Your objective: Transcribe everything in the listing below exactly, except the pictures.

Data segment:
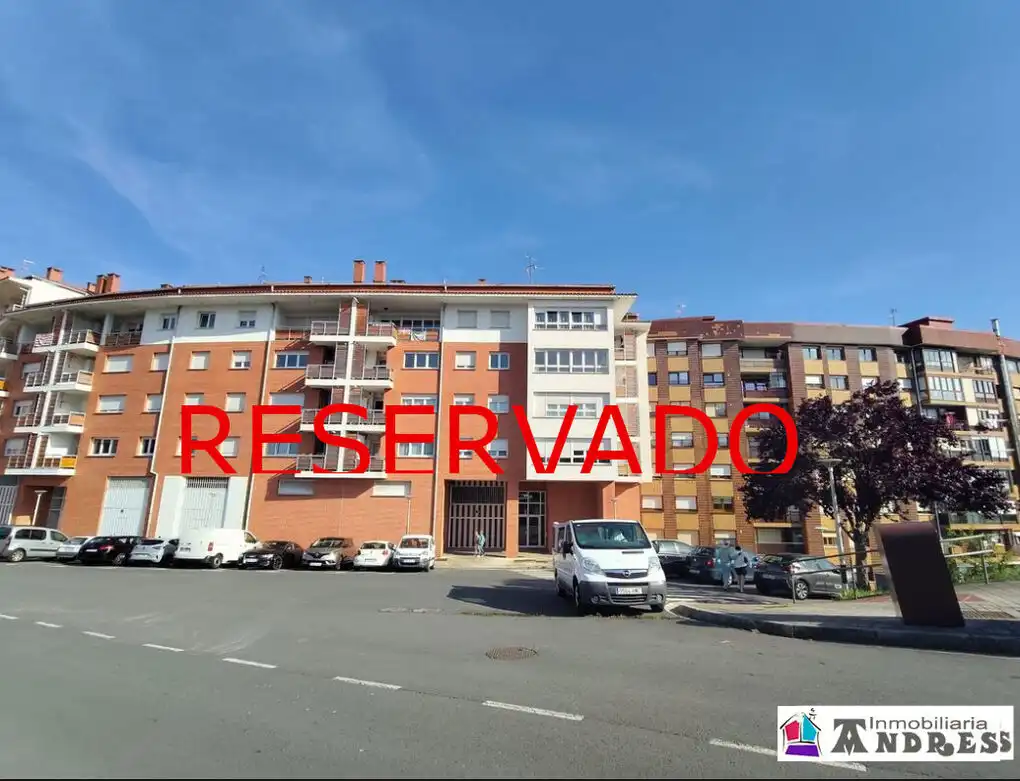 Exterior view of Flat for sale in Bermeo  with Private garden, Storage room and Furnished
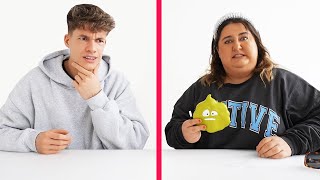 WER LÜGT BESSER ?! 😱 (Luca vs. Sandra)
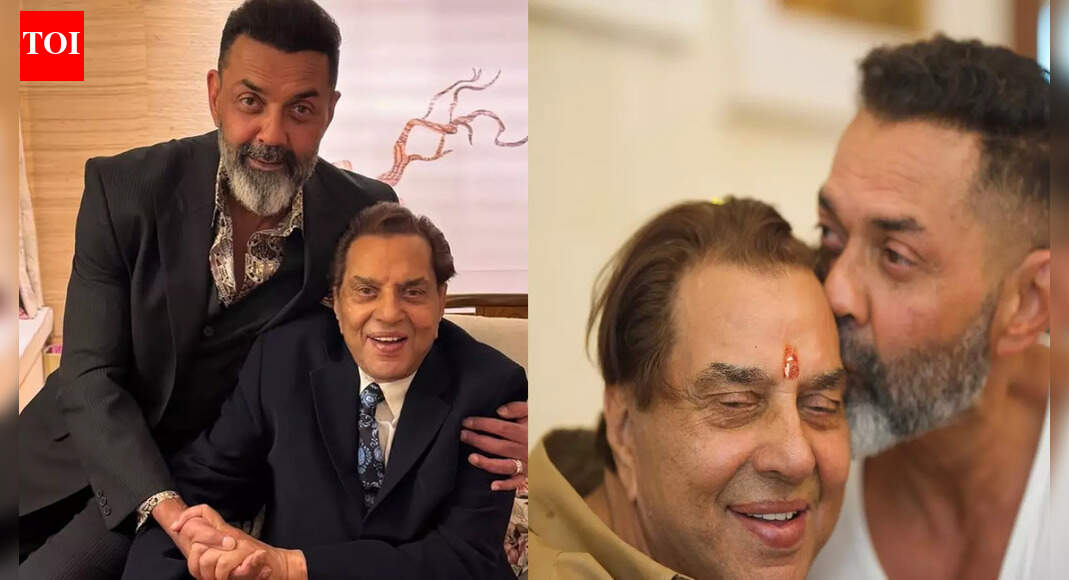 When late Dharmendra called Bobby Deol his 'innocent son' after the 'Animal' teaser dropped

Your response:
 Exterior view of Flat for sale in Bermeo  with Private garden, Storage room and Furnished
 WER LÜGT BESSER ?! 😱 (Luca vs. Sandra)
 When late Dharmendra called Bobby Deol his 'innocent son' after the 'Animal' teaser dropped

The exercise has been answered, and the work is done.